中世には厄病神は擬人化され,説話集などには人語をささやいて群行し村を襲ったり戸口をうかがったりする疫神が登場し,赤い皮の衣に冠をつけた姿ややせて青ざめた白髭の老人,奇怪な老婆の姿でイメージされたものもある。また《餓鬼草紙》の鬼を思わせる疫神もあり,《春日権現験記》には病人の家の屋根から疫鬼が内部をのぞきこみ,戸口には魚頭を串で刺したり,表の通りでは,塞の神の石の前に髪をはさんだ御幣や供物,結界を示す縄などがおかれており,疫病神を祓った祭りの跡が描かれている。このように厄病神が人の姿をとると想像された背景には,御霊信仰があったことが考えられる。

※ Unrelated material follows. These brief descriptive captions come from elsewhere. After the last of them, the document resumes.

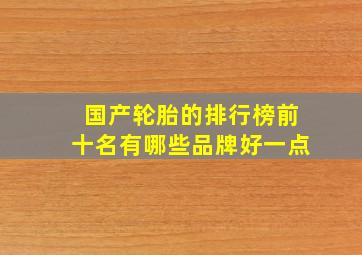 国产轮胎的排行榜前十名有哪些品牌好一点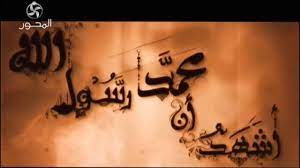 ومن ابرز مميزات يحتوي على 6 ملايين مدينة حول العالم ما عليك فقط ضبط مدينتك. Ø§Ù„Ø£Ø°Ø§Ù† Ø¬Ø¯ÙŠØ¯ Ù‚Ù†Ø§Ø© Ø§Ù„Ù…Ø­ÙˆØ± Youtube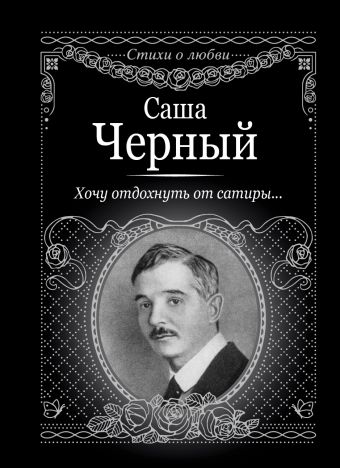 Хочу отдохнуть от сатиры... Хочу отдохнуть от сатиры... Чёрный Саша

厄病神に侵入された家では家人が疫病にかかると信じられていたため,家の戸口に護符をはったり,鍾馗(しようき)のような人形をおいてこれを防いだ。また民間には,厄病神送りといって,災厄をもたらす悪霊を人形にとりこめて村境や川に流す風習があり,鹿島流し,疱瘡流しや虫送りはその代表的なものである。茨城県では12月8日に一つ目の厄神が来るので,目の多い目籠を竿につるして軒先に立ててこれを追い払う風習もある。また地方によっては〈厄神の宿〉などといって,大晦日から正月にかけて,厄病神を村境や辻から迎えて丁重にもてなし,奥座敷に年神と同じ膳を別に供えてまつったあと,再び送り出す習俗がある。厄病から免れるために,厄病神を歓待したものであろうか。厄病神歓待の風習は,ある意味で盆の無縁仏や餓鬼仏を精霊とは別にまつる風に対応するものともいえる。厄病や疱瘡よけのため,〈鎮西八郎為朝御宿〉といった武将の名のほか,〈蘇民将来(そみんしようらい)子孫也〉とか仁賀保金七郎,小浜六郎左衛門,釣船清次など,厄神を助けたり泊めたりしたという者の名前を記して戸口にはっておく風習もある。厄病を免れる,または軽くするという旨の〈疫神のわび証文〉や〈疫神退散状〉も各地に伝えられている。